Zum Buch:
Die Südukraine Ende der 1920er Jahre. Nahe der Stadt Zaporje will Stalin am Djnepr einen Staudamm und ein Wasserkraftwerk errichten. Ein gigantisches Unternehmen, um der Welt den Fortschritt in der sowjetischen Industrialisierung zu beweisen.
Chaim Katz, Stalins bester Bauingenieur, soll nach Stalins Willen Bauleiter werden, seine Frau Darja als Propaganda- und Personalchefin für die Moral und das Wohlergehen der zigtausend (Zwangs-) Arbeiter sorgen. Ein gewagter Plan, denn Chaim versteht nichts vom Staudammbau und Darja kennt nur ihre eigenen Interessen. Die nötige Expertise für die Verwirklichung eines solch kühnen Projekts muss sich Stalin dann ausgerechnet beim Klassenfeind aus Amerika holen: in Person von Hugh Winters, dem legendären Staudammbauer, der die größten Staudämme Amerikas gebaut hat. Aber Winters versteht sich nicht nur auf den Staudammbau. Er ist ein unverbesserlicher Schürzenjäger und verfällt sofort Darjas Reizen. Darja, von adliger Herkunft, durch Stalins Säuberungen jetzt leider ohne Familie und Besitz, wurde einst von Chaim vor dem Hungertod gerettet; sie hat ihn aus Dankbarkeit geheiratet, nicht aus Liebe, so dass auch ihr die Begegnung und die Affaire mit dem modernen Amerikaner sehr gelegen kommt. Und während Stalins Staudamm unter grausamen Bedingungen und auf Kosten des Lebens unzähliger Menschen errichtet wird, sinnt Darja, die rote Herzogin, auf ein wenig Vergnügen inmitten dieser rohen Welt. Sie plant einen Weihnachtsball mit allem Pomp und Glanz, wie zur Zeit ihrer Jugend.
Und das, obwohl Arbeiter Hunger leiden, überall nur Mangel herrscht und der Plan auch nicht so recht der kommunistischen Idee entspricht. Aber wer sollte Darja daran hindern, die doch alle Mitwisser durch eigens angefertigte Akten in der Hand hat? Oder geht sie mit diesem Vorhaben vielleicht doch ein wenig zu weit?

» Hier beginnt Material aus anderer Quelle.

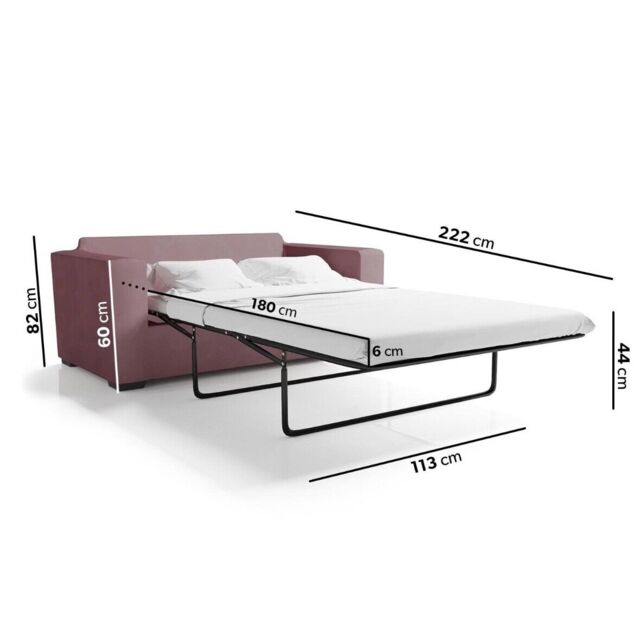 Layton Velvet Sofa Bed - Pink (lyt003)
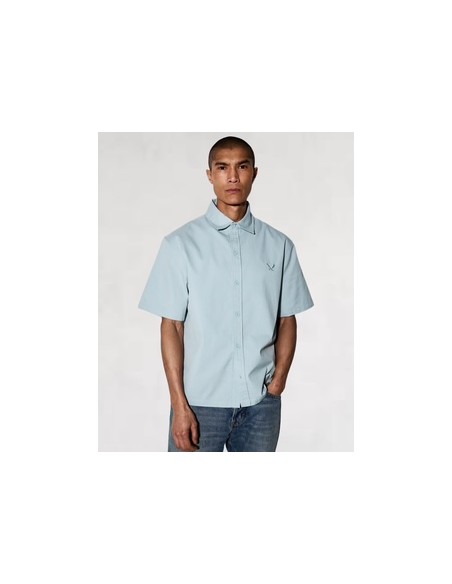 Chemise boxy manches courtes vert d'eau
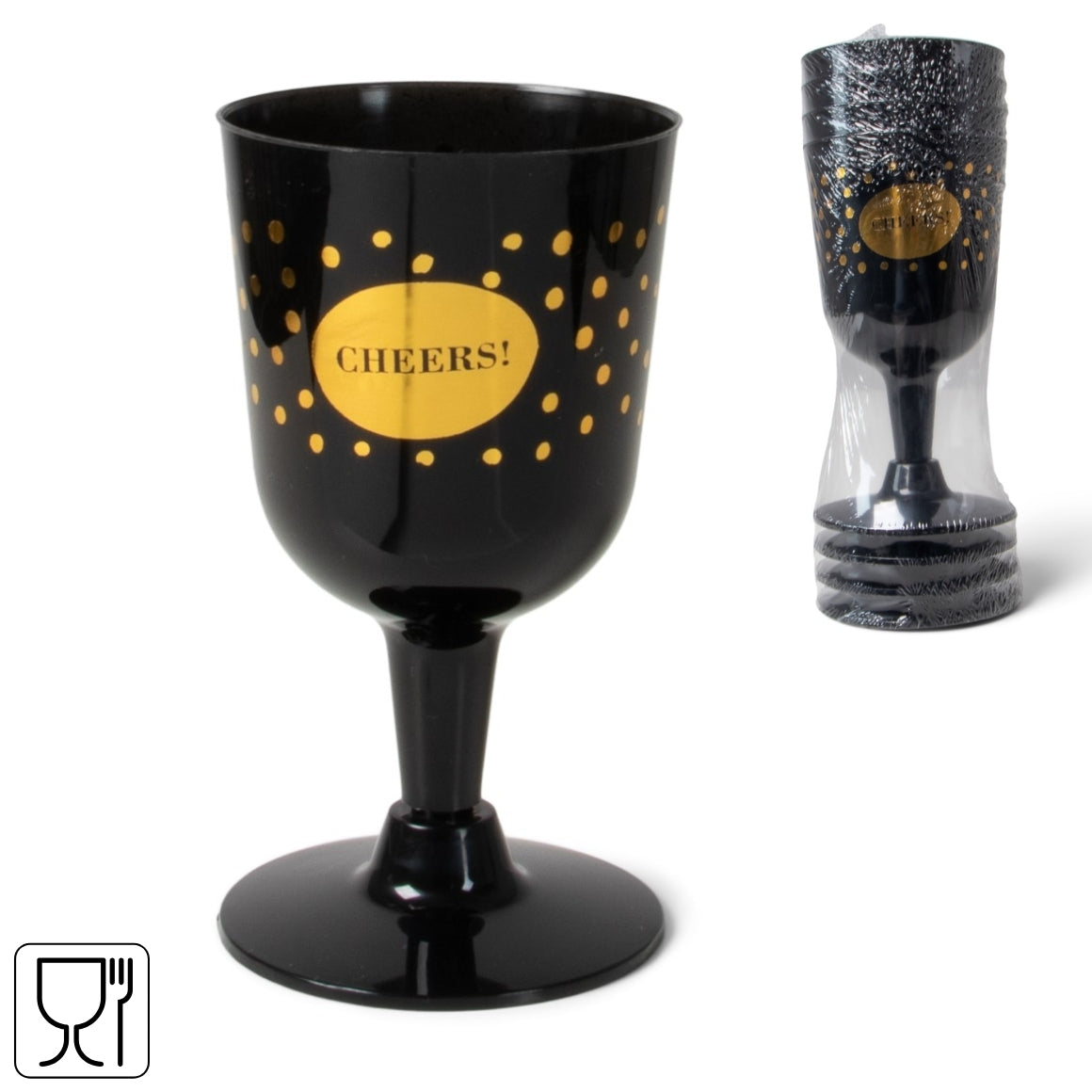 Senza Wine Glasses Black/gold 140 Ml 4 Pieces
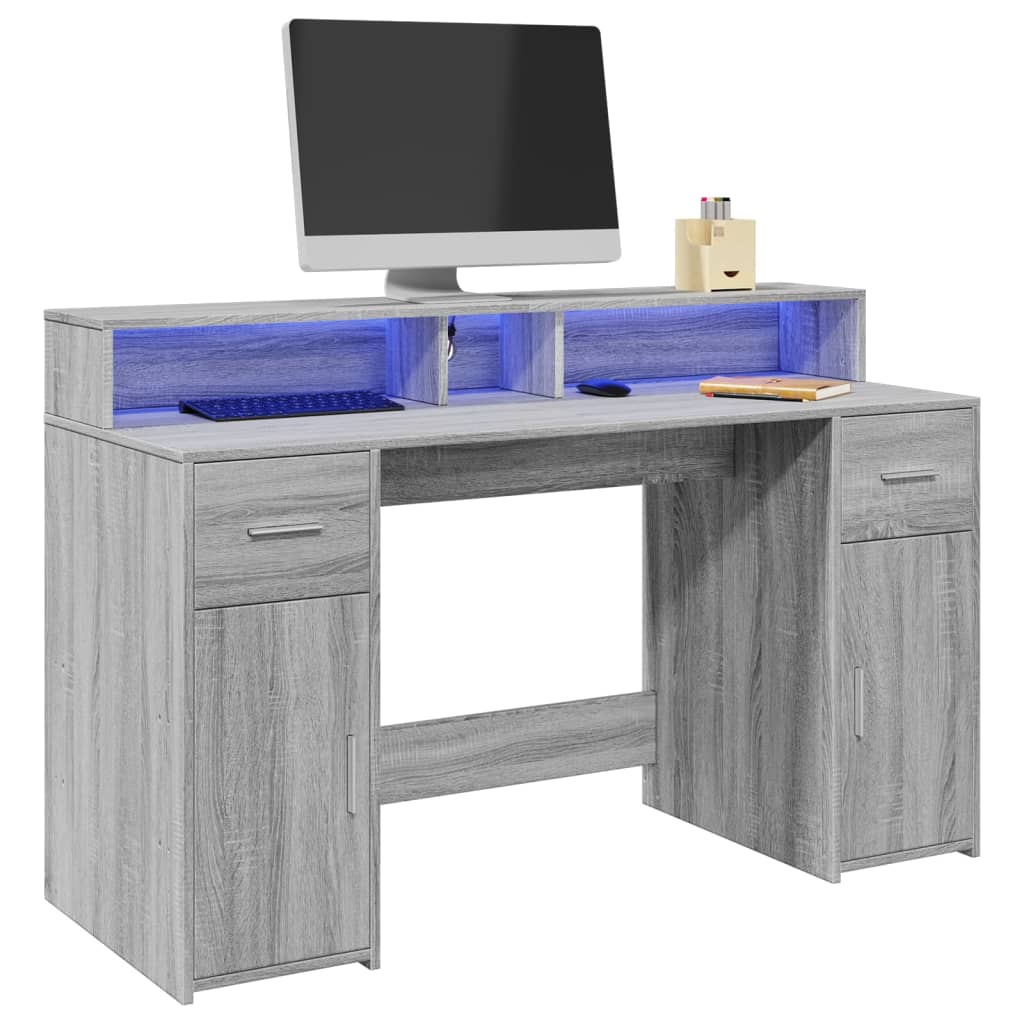 Desk with LED Lights Grey Sonoma 140x55x91 cm Engineered Wood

„Autoren sind Sappeure, die nach vergrabenen Bomben in Gedächtniserde suchen. Ihr Ziel ist es nicht, die gefundenen Bomben zu entschärfen, sondern sie in den Köpfen der Leser explodieren zu lassen.“ Mit diesem Satz beginnt Lavochkinas Vorwort zu der Roten Herzogin. Und genau das geschieht beim Lesen dieses schmalen Romans über den Bau eines Staudamms, Sinnbild der stalinistischen Megalomanie. Die rote Herzogin ist ein sprachgewaltiger Roman über die Ukraine zur Zeit des roten Terrors, kurz vor dem Holodomor, dem gezielten Aushungern der Bevölkerung, bei dem nach Schätzungen zwischen 3 und 7 Millionen Menschen ums Leben kamen. Auf knapp 130 Seiten nimmt Lavochkina den Leser mit auf einen rasanten Höllentrip, wie ein Film von Tarantino oder Kusturica. Eine Mischung aus Fakt und Fiktion: opulent, grausam und mit bitterbösem Humor erzählt.
„Kein Buch für Zartbesaitete“, heißt es im Klappentext. Richtig! Doch selten hat mich ein Buch auf so wenigen Seiten so erschüttert und gleichzeitig unterhalten wie dieses.